For forty one hours and thirty minutes I’ve been lost in the world of the American civil war, and now I have finished and feel bereft. I’ve been listening to Team of Rivals: The Political Genius of Abraham Lincoln, a story that ends with his assassination, and an epitaph from Edwin Stanton, his war minister: “now he belongs to the ages.”

I’ve seldom been so compelled by a book, and I’m not alone – Obama used it as the template for his approach to the Presidency. For many readers, the most influential lesson is the way in which Lincoln persuaded his three main rivals for the Presidency to join his cabinet, and then kept them there, serving their country, through four tumultuous years of war. But digesting Doris Kearns Goodwin’s brilliantly told narrative, I came away with another reflection. Lincoln was a political genius and an extraordinary moral titan, but neither of these would have meant anything without his exceptional talent as a communicator.

Leadership requires a compelling narrator

He spent much of his early adult life as a circuit lawyer in Illinois, travelling round the townships, arguing cases and then staying up late in taverns and stores with fellow advocates, judges, plaintiffs and witnesses, and always telling stories. His ability as a storyteller was famed long before his political acumen was recognised. Then, when he became president, his unique talent was to reframe and restate the national narrative at a time when the United States could quite easily have fallen apart. There are numerous examples of this, but the most famous is his Gettysburg Address, only 272 words and yet as powerful a statement of the purpose of democracy as has ever been spoken.

Lincoln shared this ability to frame his country’s story, to reveal to its citizens an essential truth about themselves and their nation that they had understood but not been able to articulate, with other leading figures of the democratic age. Anyone who wants to understand India should listen to Nehru’s famous address on the eve of independence in 1947:

At the stroke of the midnight hour, when the world sleeps, India will awake to life and freedom.

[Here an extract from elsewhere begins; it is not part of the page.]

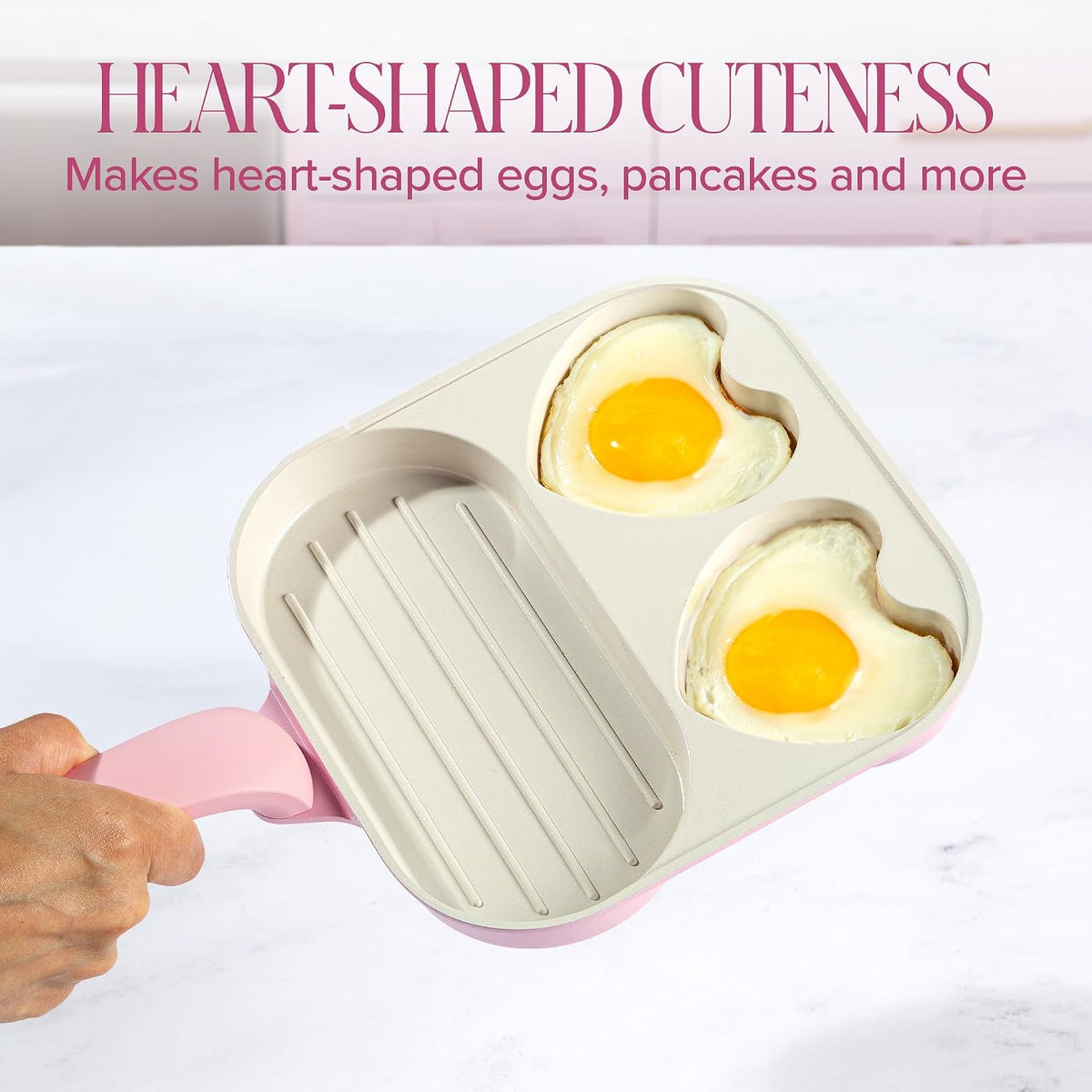 Paris Hilton Ceramic Nonstick Divided Skillet with Heart-Shaped Sections and Grill Plate, Cast Aluminum, Dishwasher Safe, 8-Inch, Pink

A moment comes, which comes but rarely in history, when we step out from the old to new, when an age ends, and when the soul of a nation, long suppressed, finds utterance.

Our own national narrative in the United Kingdom is also the product at least in part of one of the great communicators of any age. We are still defined, for better or worse, by Churchill’s words in 1940:

Let us therefore brace ourselves to our duty and so bear ourselves that if the British Commonwealth and Empire lasts for a thousand years, men will still say “This was their finest hour”.

Without this framing, we might not have beaten Hitler, but equally we might not have had Brexit. Words in this case cast a long shadow.

Slava Ukraini! The master of modern-day political communication

The best contemporary example of this is President Zelensky. Yes, the man who once pretended to play the piano with an unmentionable part of his anatomy has proved himself a brilliant political strategist, an inspired war leader, a man who has helped his nation defy history. But he’s done so because of his unparalleled gifts as a communicator, shifting deftly from carefully crafted speeches to overseas parliaments echoing their own national stories to short-form social media clips encapsulating his nation’s struggle. He’s used every tool available to redefine a country which many outsiders began the war thinking of as pretty much indivisible with Russia.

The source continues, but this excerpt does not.